The script completed:
#!/usr/bin/env python
#************
# LIBRARIES *
#************
import sys
from optparse import OptionParser
#*****************
# OPTION PARSING *
#*****************
parser = OptionParser()
parser.add_option("-i", "--input", dest="input")
parser.add_option("-s", "--start", dest="start")
options, args = parser.parse_args()
open_input = open(options.input)
enhancer_start = int(options.start)
#********
# BEGIN *
#********
x=1000000 # set maximum distance to 1 Mb
selectedGene="" # initialize the gene as empty
selectedGeneStart=0 # initialize the start coordinate of the gene as empty
for line in open_input.readlines(): # for each line in the input file
gene, y = line.strip().split('\t') # split the line into two columns based on a tab
position = int(y) # define a variable called position that correspond to the integer of the start of the gene
distance = abs(position - enhancer_start) # compute the absolute value of the difference between position and enhancer_start
if distance < x: # if this absolute value is lower than x
x = distance # this value will now be your current x
selectedGene = gene # save gene as selectedGene
selectedGeneStart = position # save position as selectedGeneStart
print "\t".join([selectedGene, str(selectedGeneStart), str(x)])
To check it is running we do the following:
python ../bin/get.distance.py --input gene.starts.tsv --start 980000
And we get as output the expected
ENSG00000187642.9 982093 2093
6. For each regulatory element contained in the file regulatory.elements.starts.tsv, retrieve the closest gene and the distance to the closest gene using the python script you created above.

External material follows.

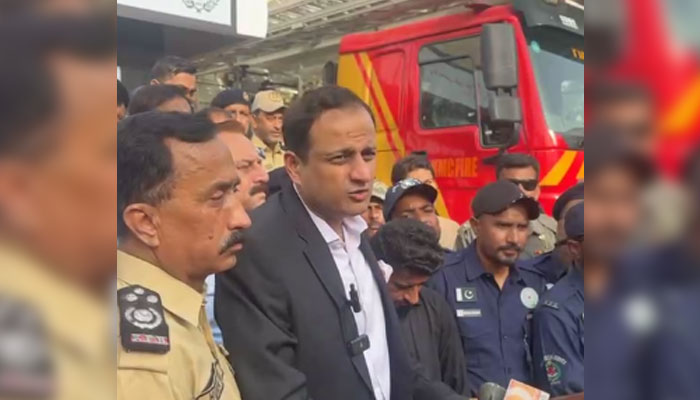 Karachi Mayor Barrister Murtaza Wahab speaks to the media after inaugurating the Yaadgar-e-Shuhada (Martyrs’ Memorial) at the Fire Brigade Headquarters on May 5, 2025. — Screengrab via Facebook@KmcPakistan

cat sigmoid_colon.regulatory.elements.starts.tsv | while read element start; do
python ../bin/get.distance.py --input gene.starts.tsv --start $start
done > sigmoid_colon.regulatoryElements.genes.distances.tsv
cat stomach.regulatory.elements.starts.tsv | while read element start; do
python ../bin/get.distance.py --input gene.starts.tsv --start $start
done > stomach.regulatoryElements.genes.distances.tsv
cat regulatory.elements.starts.tsv | while read element start; do
python ../bin/get.distance.py --input gene.starts.tsv --start $start
done > regulatoryElements.genes.distances.tsv
to check is running we can do:
cat regulatory.elements.starts.tsv | while read element start; do
echo element=$element start=$start
python ../bin/get.distance.py --input gene.starts.tsv --start $start
done
7. Use R to compute the mean and the median of the distances stored in regulatoryElements.genes.distances.tsv
The three obtained regulatoryElements.genes.distances.tsv
files were loaded in R. We obtain the mean and the median of the distances.
load data:
sigmoid_colon.regulatoryElements.genes.distances <- read.delim("~/Desktop/Epigenomics/epigenomics_uvic/regulatory_elements/sigmoid_colon.regulatoryElements.genes.distances.tsv", header=FALSE)
stomach.regulatoryElements.genes.distances <- read.delim("~/Desktop/Epigenomics/epigenomics_uvic/regulatory_elements/stomach.regulatoryElements.genes.distances.tsv", header=FALSE)
regulatoryElements.genes.distances <- read.delim("~/Desktop/Epigenomics/epigenomics_uvic/regulatory_elements/regulatoryElements.genes.distances.tsv", header=FALSE)
mean(sigmoid_colon.regulatoryElements.genes.distances$V3)
[1] 82936.13
median(sigmoid_colon.regulatoryElements.genes.distances$V3)
[1] 39614
mean(stomach.regulatoryElements.genes.distances$V3)
[1] 61329.46
median(stomach.regulatoryElements.genes.distances$V3)
[1] 36347
mean(regulatoryElements.genes.distances$V3)
[1] 73189.41
median(regulatoryElements.genes.distances$V3)
[1] 37874.5
Mean, and median results are summarized in the following table:
![table](https://user-images.githubusercontent.com/75372182/230795913-4e32e3da-db48-461b-b840-717c0dea9e5e.png)
According to the mean and median values, the distances to the regulatory elements are bigger for the Sigmoid colon than for the Stomach. We also observe huge differences between the mean and the median in both tissues, this can be caused by the presence of several extreme values (outliers) that are affecting the mean value.